* _RECORDED INFORMATION_
*** Block opens ***
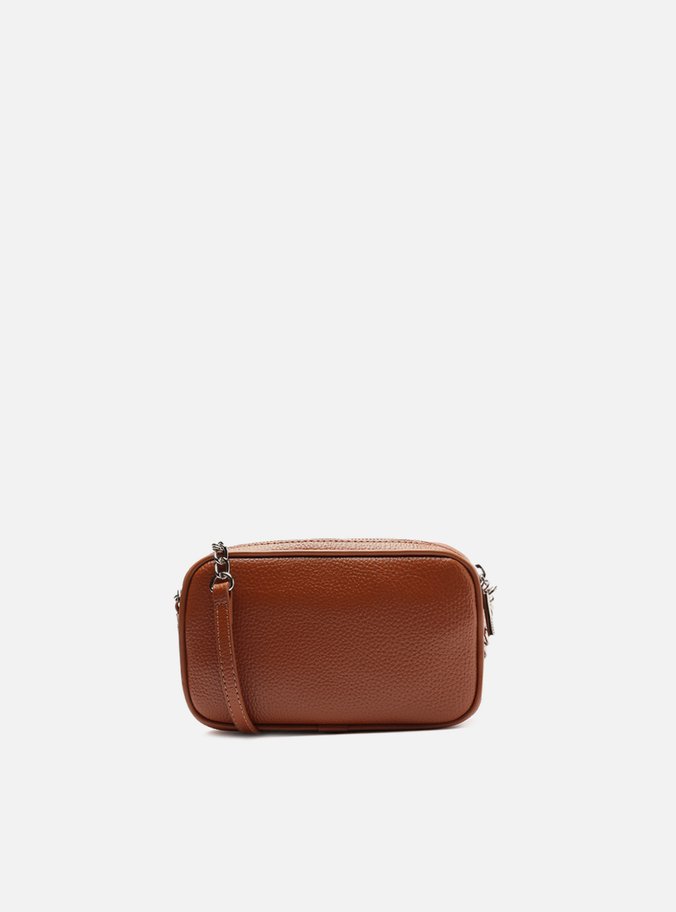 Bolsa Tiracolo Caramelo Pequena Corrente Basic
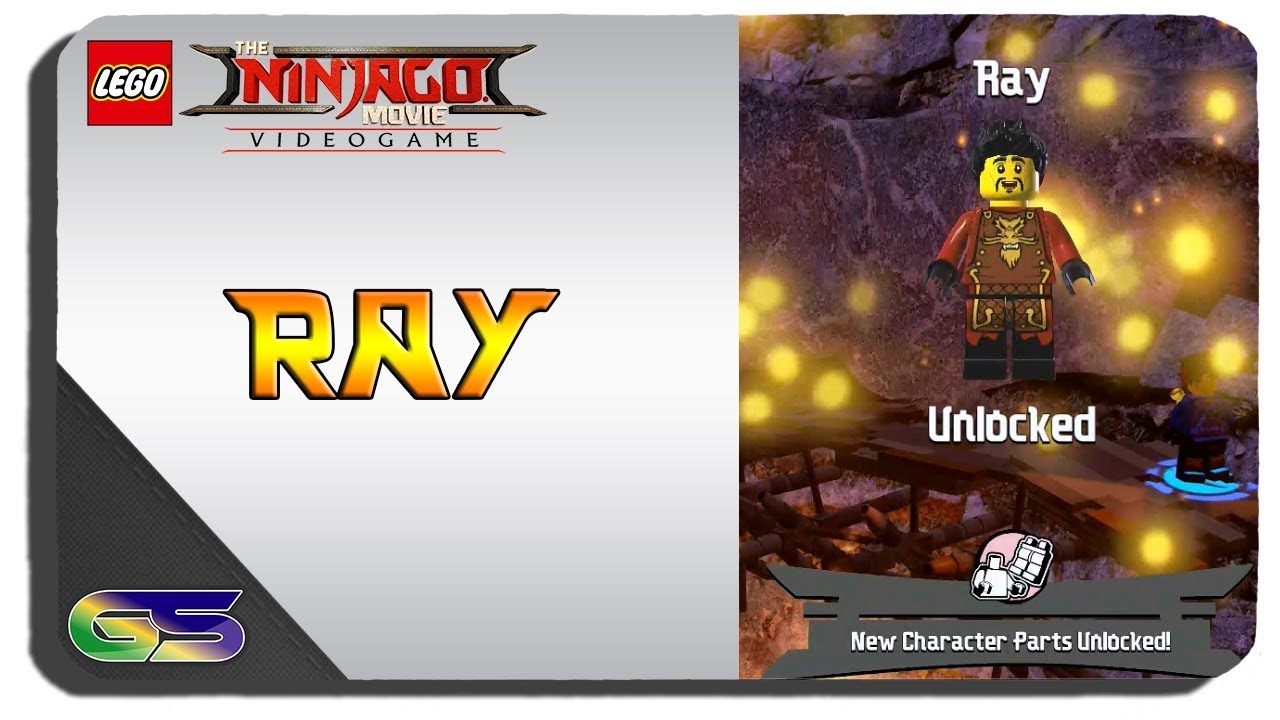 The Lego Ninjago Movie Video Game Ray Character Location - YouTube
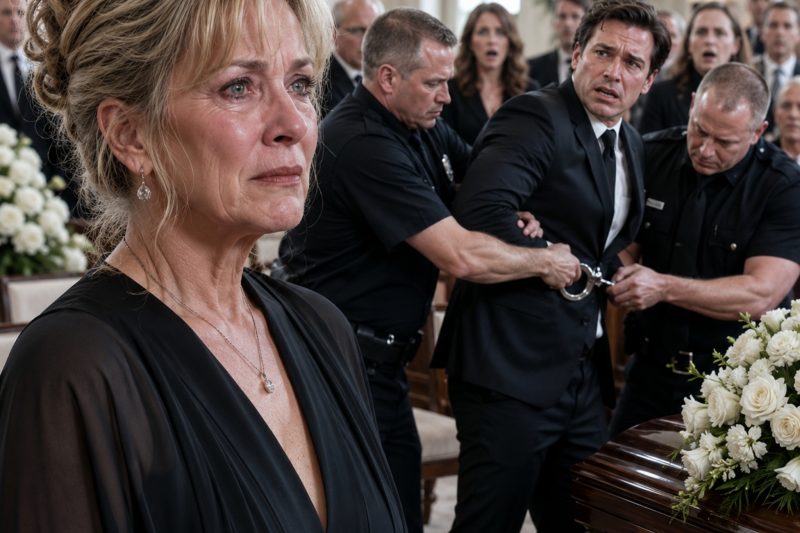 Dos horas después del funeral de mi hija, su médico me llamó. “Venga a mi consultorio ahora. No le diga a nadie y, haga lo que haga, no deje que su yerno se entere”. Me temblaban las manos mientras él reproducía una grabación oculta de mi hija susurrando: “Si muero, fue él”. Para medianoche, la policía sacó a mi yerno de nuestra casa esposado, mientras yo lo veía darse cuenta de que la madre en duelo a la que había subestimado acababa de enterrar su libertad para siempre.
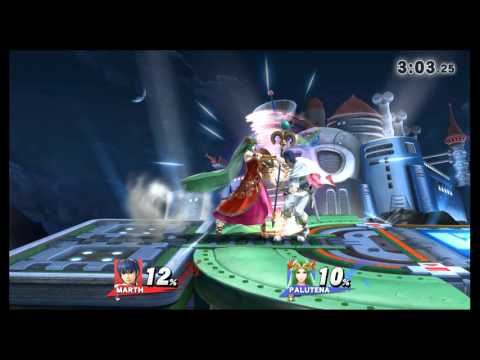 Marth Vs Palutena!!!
*** Block closes ***
*** Block opens ***
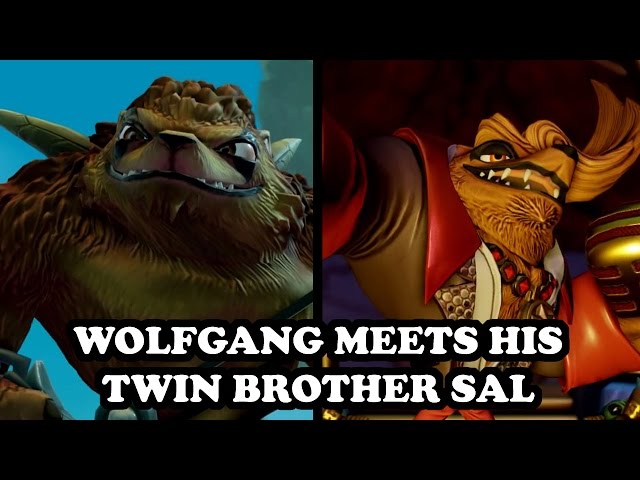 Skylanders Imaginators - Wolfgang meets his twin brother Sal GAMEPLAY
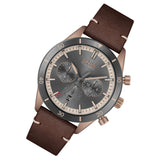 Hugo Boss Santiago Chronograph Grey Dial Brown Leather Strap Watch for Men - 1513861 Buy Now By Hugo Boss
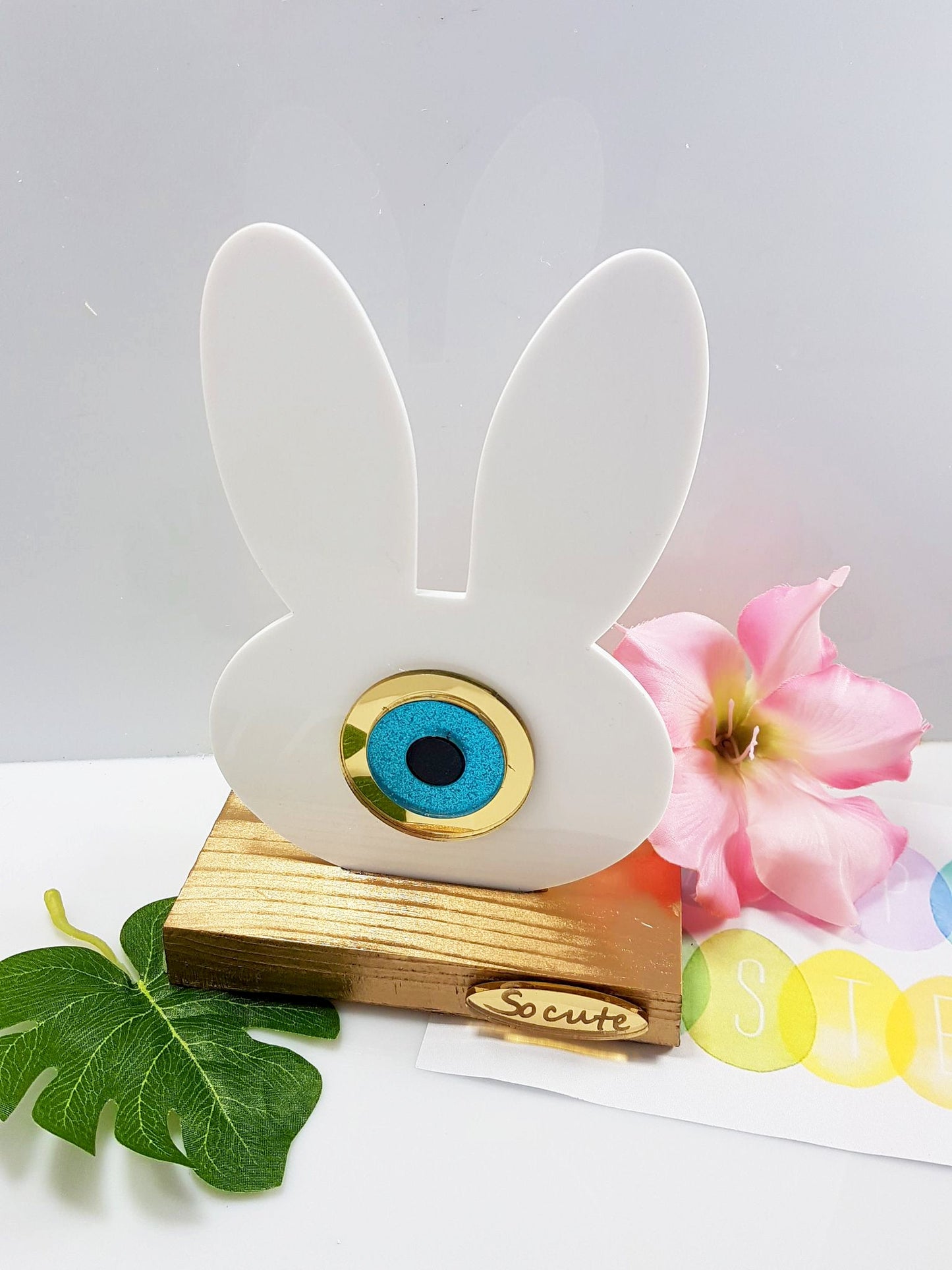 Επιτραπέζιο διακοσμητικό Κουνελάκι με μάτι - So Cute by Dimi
*** Block closes ***
*** Block opens ***
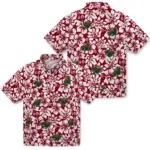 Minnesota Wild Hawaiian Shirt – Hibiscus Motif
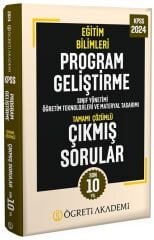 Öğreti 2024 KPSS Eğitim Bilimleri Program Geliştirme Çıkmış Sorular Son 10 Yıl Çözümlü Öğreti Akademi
*** Block closes ***
* _INSTRUCTIONS FOR THE TASK_
Set the pictures aside and reproduce exactly the lines above, from the line holding "Bolsa Tiracolo Caramelo" through the line holding "The Lego Ninjago", both included, with nothing else.

* _YOUR RESPONSE_
 Bolsa Tiracolo Caramelo Pequena Corrente Basic
 The Lego Ninjago Movie Video Game Ray Character Location - YouTube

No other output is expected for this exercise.